Now under construction just south of Bandon Dunes on what General Manager Hank Hickox calls “probably the best site we’ve got,” a collection of 13 3-pars ranging from 50 to 220 yards currently known as The Preserve is shaping up as yet another shining moment for Bandon Trails designers Ben Crenshaw and Bill Coore.
“It hangs out on the dunes with great views of the ocean from every hole, and looks back on the other golf courses,” Hickox says. “It’s completely an environmental project in the sense that it winds through some rare plant life, the most notable being the silvery phacelia, which we’re going to restore.”

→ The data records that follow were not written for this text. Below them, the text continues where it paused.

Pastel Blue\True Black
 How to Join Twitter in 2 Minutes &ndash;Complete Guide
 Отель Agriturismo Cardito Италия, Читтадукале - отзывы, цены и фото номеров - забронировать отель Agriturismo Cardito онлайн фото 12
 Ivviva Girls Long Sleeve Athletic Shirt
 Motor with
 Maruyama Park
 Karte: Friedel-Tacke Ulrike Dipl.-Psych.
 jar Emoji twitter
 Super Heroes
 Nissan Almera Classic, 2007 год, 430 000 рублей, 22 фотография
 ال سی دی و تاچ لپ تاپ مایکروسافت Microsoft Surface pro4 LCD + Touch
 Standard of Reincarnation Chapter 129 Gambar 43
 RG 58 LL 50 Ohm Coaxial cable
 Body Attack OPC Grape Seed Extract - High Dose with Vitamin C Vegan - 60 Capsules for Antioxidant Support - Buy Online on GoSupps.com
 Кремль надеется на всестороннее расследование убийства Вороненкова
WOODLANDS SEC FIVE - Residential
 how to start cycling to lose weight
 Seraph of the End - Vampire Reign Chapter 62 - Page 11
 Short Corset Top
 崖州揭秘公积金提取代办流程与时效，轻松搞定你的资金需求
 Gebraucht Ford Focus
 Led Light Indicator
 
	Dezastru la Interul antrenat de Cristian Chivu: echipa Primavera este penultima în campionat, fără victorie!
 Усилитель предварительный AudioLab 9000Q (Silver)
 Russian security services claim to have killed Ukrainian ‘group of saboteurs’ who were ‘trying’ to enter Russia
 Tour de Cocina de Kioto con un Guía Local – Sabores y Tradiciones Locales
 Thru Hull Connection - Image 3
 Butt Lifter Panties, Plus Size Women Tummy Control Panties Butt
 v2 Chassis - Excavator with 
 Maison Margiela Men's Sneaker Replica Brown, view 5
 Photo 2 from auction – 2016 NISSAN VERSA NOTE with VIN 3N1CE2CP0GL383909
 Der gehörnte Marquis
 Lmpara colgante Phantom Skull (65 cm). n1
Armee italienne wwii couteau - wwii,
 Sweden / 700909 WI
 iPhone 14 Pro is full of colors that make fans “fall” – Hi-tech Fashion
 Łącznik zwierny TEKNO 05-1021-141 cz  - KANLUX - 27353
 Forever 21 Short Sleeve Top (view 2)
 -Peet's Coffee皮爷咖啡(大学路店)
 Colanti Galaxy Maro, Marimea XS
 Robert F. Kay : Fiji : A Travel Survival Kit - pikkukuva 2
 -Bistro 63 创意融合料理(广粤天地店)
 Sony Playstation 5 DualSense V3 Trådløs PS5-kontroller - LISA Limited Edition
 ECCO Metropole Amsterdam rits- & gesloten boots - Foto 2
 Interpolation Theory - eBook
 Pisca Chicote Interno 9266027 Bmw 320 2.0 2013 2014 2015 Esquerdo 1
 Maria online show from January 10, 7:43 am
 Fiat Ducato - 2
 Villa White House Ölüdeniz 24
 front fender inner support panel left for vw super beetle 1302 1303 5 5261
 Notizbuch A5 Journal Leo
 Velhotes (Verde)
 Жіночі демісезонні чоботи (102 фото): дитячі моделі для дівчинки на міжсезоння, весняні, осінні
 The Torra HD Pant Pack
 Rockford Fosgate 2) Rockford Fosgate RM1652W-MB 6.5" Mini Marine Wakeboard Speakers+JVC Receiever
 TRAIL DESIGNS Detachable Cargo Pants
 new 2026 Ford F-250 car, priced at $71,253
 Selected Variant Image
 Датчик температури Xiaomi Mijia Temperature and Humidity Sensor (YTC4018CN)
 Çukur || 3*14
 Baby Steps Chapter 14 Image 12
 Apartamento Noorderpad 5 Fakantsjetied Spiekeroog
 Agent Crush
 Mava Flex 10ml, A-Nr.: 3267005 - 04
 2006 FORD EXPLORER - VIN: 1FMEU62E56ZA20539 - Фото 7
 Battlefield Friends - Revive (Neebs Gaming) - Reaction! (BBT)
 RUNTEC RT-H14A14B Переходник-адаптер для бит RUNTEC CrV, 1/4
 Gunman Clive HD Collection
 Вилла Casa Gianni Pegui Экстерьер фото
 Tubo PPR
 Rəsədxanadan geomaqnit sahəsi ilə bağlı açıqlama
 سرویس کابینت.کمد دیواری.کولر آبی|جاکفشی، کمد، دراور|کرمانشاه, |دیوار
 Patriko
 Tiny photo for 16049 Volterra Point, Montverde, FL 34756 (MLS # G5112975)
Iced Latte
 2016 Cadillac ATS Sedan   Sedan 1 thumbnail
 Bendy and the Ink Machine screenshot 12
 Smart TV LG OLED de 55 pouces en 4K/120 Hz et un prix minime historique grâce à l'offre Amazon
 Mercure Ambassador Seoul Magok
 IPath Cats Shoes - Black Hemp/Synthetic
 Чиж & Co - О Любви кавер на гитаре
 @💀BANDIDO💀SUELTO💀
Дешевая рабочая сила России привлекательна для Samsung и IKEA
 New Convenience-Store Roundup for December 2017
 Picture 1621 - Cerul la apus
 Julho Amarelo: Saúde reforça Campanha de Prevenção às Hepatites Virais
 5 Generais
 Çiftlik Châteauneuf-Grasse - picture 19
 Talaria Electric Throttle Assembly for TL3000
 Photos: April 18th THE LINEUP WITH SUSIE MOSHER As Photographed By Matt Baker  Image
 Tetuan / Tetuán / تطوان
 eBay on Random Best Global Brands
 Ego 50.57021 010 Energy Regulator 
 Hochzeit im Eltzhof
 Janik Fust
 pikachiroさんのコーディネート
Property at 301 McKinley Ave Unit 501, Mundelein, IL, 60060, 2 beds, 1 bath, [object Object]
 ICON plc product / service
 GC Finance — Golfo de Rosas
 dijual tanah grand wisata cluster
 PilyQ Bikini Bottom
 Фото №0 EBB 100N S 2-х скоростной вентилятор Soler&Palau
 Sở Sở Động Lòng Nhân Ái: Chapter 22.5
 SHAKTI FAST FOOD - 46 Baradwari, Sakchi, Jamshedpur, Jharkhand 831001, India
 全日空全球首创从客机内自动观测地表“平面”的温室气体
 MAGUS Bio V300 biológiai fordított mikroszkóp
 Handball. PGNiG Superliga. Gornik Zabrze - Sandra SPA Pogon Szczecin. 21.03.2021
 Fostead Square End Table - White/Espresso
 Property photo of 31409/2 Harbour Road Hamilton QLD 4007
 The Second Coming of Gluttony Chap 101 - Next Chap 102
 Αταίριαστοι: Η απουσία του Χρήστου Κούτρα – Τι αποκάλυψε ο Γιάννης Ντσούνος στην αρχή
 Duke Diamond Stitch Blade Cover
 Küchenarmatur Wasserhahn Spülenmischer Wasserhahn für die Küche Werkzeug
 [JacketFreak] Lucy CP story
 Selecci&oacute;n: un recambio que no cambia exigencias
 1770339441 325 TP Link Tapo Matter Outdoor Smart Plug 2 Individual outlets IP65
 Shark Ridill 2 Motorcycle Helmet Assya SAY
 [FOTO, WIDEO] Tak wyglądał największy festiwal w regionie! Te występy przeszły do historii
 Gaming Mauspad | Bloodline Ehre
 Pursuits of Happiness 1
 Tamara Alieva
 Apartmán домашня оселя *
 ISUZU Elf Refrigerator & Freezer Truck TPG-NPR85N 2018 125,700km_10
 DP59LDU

With Crenshaw and Coore leaving its towering dunespace as untouched as possible — we’re talking tees and green complexes and very little turf in between — the Preserve will deal another blow to the erroneous conceit that modern golf courses do more harm than good to their natural settings. Even its business model is geared toward the “other” kind of green, though its development isn’t completely without profit motive.
“The profits from the operation of the Preserve will help restore that plant and other environmental causes,” Hickox says. “There will be nature corridors for the public. It’s another commitment by Mr. Keiser to the environment.
“And from a marketing standpoint, it’ll be, ‘Gee, I’ve played 18 and don’t think I can play another 18. OK, let’s go play the Preserve.’ We don’t see it displacing anything, it’s more an alternative second round. Or maybe it will be the first course they play. We’ll take it either way.”
As if we needed another reason to get on back to our favorite stretch of Pacific cliffs.